■ WORK ORDER:
Would you write out the entries again, exactly as they are, but without images?

** Opening GIVEN RECORDS block **

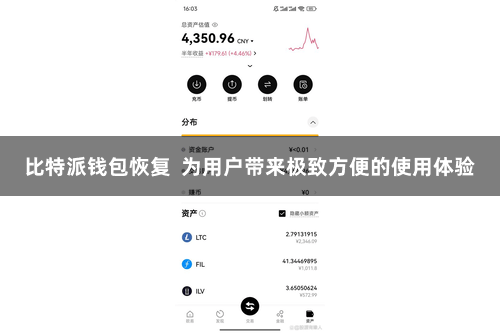 比特派钱包恢复  为用户带来极致方便的使用体验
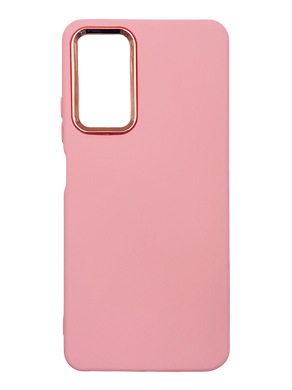 Силиконовый чехол Metal Frame для Xiaomi Redmi Note 11 Pro 4G/5G/12 Pro 4G light pink (AA)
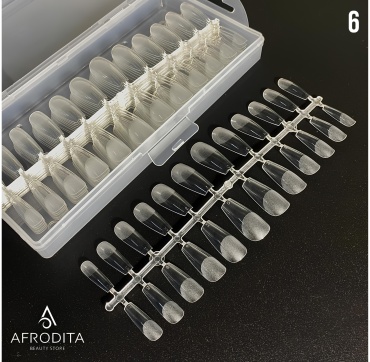 Afrodita гелевые формы балерина 240 шт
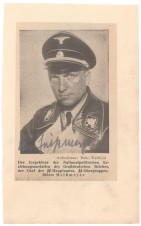 August Heissmeyer SIGNED PHOTO SS Obergruppenführer image 1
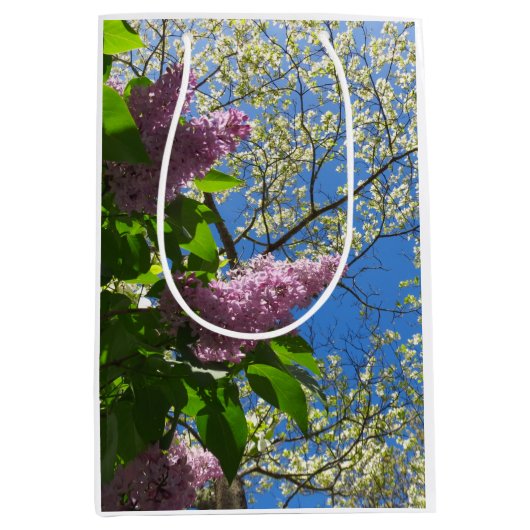 Lilacs and Cherry Blossom - Martha's Vineyard Medium Cadeauzakje (Voorkant)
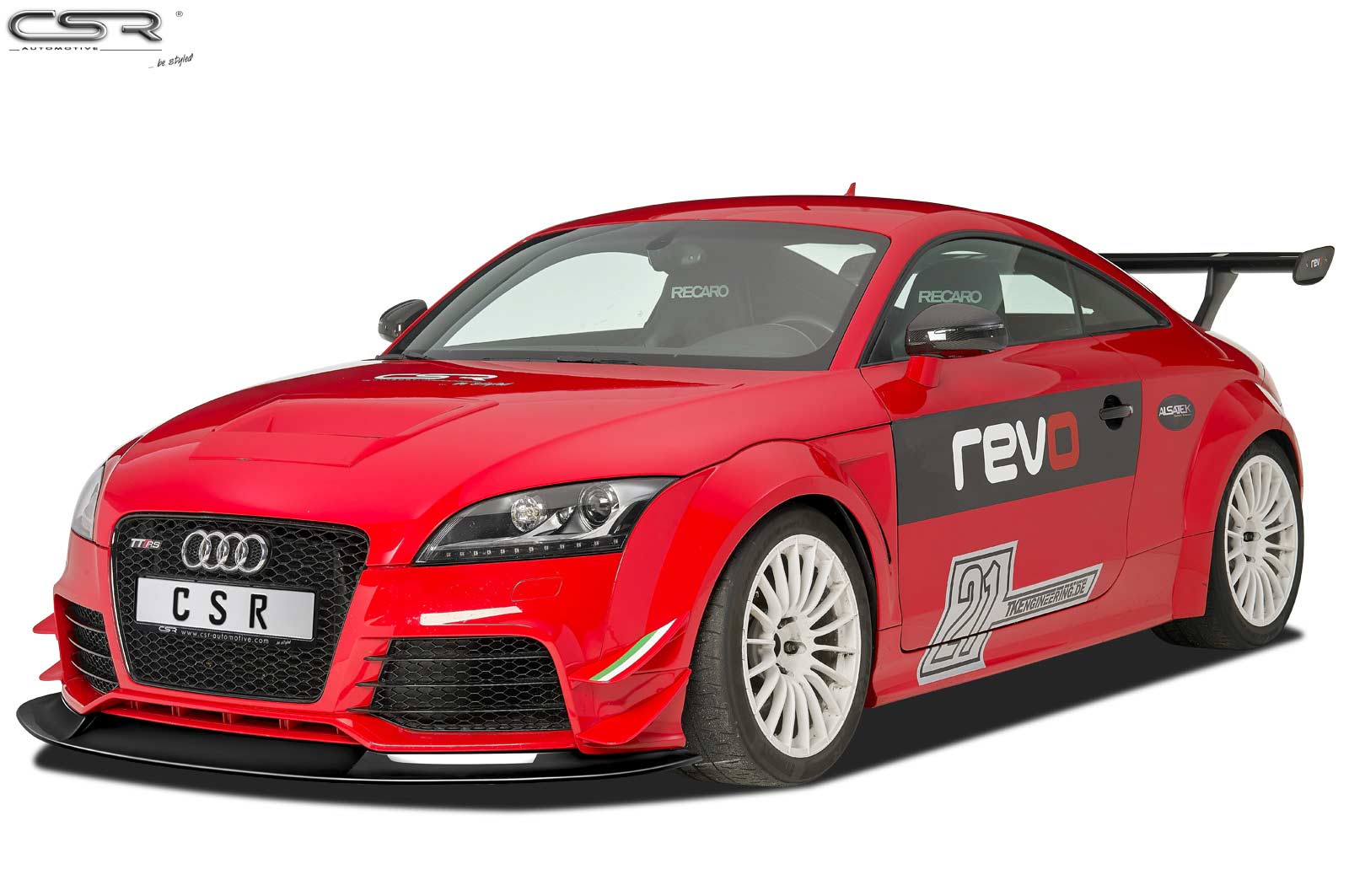 CSR Frontspoiler | Cup-Spoilerlippe für Audi TT RS 8J CSL317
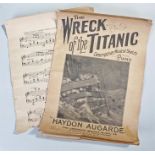 Titanic interest, a music score for 'The Wreak of the Titanic' by Haydon Augarde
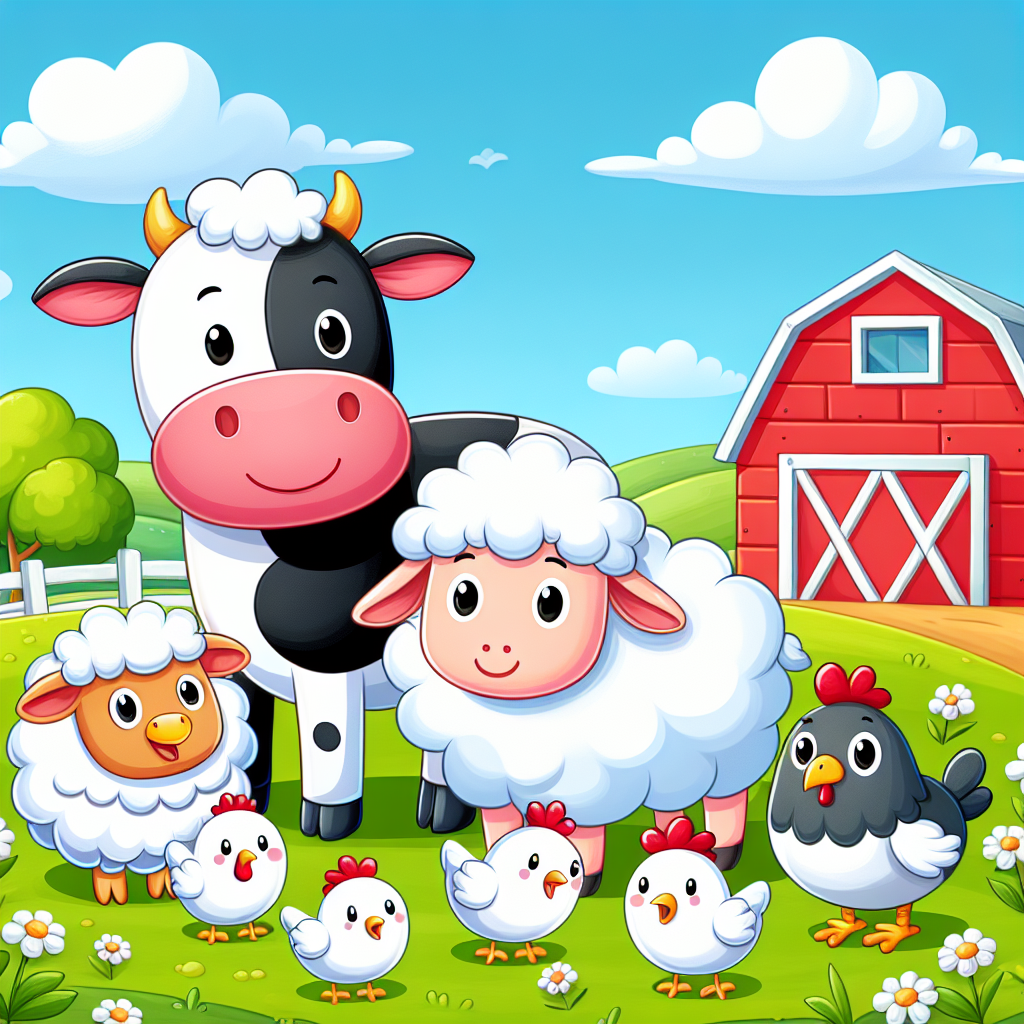 Furry Farm Friends Painting Diamond Kit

** Closing GIVEN RECORDS block **

■ OUTPUT FOR THIS TASK:
 比特派钱包恢复  为用户带来极致方便的使用体验
 Силиконовый чехол Metal Frame для Xiaomi Redmi Note 11 Pro 4G/5G/12 Pro 4G light pink (AA)
 Afrodita гелевые формы балерина 240 шт
 August Heissmeyer SIGNED PHOTO SS Obergruppenführer image 1
 Lilacs and Cherry Blossom - Martha's Vineyard Medium Cadeauzakje (Voorkant)
 CSR Frontspoiler | Cup-Spoilerlippe für Audi TT RS 8J CSL317
 Titanic interest, a music score for 'The Wreak of the Titanic' by Haydon Augarde
 Furry Farm Friends Painting Diamond Kit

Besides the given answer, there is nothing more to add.